C’est parce que nous voulons être partout à la fois (et que tout nous pousse à le croire possible) que nous nous égarons. A mi-chemin de la spécialisation qui peut virer à l’obsession et de la dispersion qui peut tourner à la dilution, il nous faut approcher du point d’équilibre qu’on peut appeler l’attention. L’attention est cette faculté qui nous permet de nous focaliser sur une tâche unique, d’être pleinement présent à ce qu’on est, ce qu’on a, ce qu’on fait et ce qui nous entoure. Aller au bout de cet article sans se laisser happer par d’autres contenus, quitte à en lire d’autres après ; être mentalement là où l’on est physiquement, quitte à se déplacer souvent. Personnellement, je procrastine plus souvent qu’à mon tour (le rédac’ chef de ce site en sait quelque chose!), et cours toujours deux ou trois lièvres à la fois, et je constate que j’agis moins, en fin de compte, que celui qui sait ne commencer une chose que lorsque la précédente est achevée.
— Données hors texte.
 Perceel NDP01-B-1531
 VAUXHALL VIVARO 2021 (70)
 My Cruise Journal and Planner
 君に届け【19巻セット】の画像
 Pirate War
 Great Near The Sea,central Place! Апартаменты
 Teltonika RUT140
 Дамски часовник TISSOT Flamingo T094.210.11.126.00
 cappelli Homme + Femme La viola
Cette exigence de concentration implique un renoncement : tout n’est pas possible, en même temps ; je ne peux pas tout faire, ni être pleinement à plusieurs endroits à la fois. Dom Juan, « l’épouseur du genre humain », mourra seul. La sagesse populaire le dit en une formule lumineuse : qui trop étreint mal embrasse. A moins de me restreindre à des ersatz de sentiments, fades parce qu’interchangeables, je ne peux être l’époux de plusieurs femmes, ni l’ami de trop de gens. C’est parce que mes interactions sont diverses, mais limitées qu’elles sont riches, fécondes, capables de résister aux chocs, aux tensions inévitables. A vouloir être un homme de tous les possibles, on se condamne à n’être l’homme d’aucun réel.
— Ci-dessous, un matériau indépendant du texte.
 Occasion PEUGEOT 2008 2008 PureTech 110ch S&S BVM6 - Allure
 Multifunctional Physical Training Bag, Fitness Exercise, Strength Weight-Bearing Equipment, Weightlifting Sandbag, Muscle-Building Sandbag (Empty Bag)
« Accepter ses limites, ce n’est pas se résigner ou se mutiler, c’est se donner le moyen d’éclore et de fructifier. »
Le Christ nous offre le modèle indépassable de cette humilité vitale. Sa kénose, son abaissement humain, terrestre, Il l’a vécu dans toutes ses relations. Il s’est inscrit dans un corps sexué, une généalogie, un lieu et un temps déterminés. Sa sociabilité était certes extrêmement variée, du pêcheur au publicain, de la Samaritaine à Pilate, mais ses amis peu nombreux, surtout au Golgotha. Mais tout ce qu’Il a fait, Il l’a fait par amour pour les siens. Pour que le Sauveur d’Israël devienne celui du genre humain, il fallait qu’il fût pleinement l’un des nôtres, fils d’Adam et d’Eve, un Palestinien né dans une bourgade de Judée sous domination romaine, Auguste puis Tibère étant empereur. Pour que le peuple élu devienne l’humanité entière, il fallait qu’Il ne soit, comme nous tous, un homme de chair et d’os, vulnérable et mortel.
Accepter ses limites, ce n’est pas se résigner ou se mutiler, c’est se donner le moyen d’éclore et de fructifier. C’est n’est pas s’évanouir encore, mais s’épanouir enfin.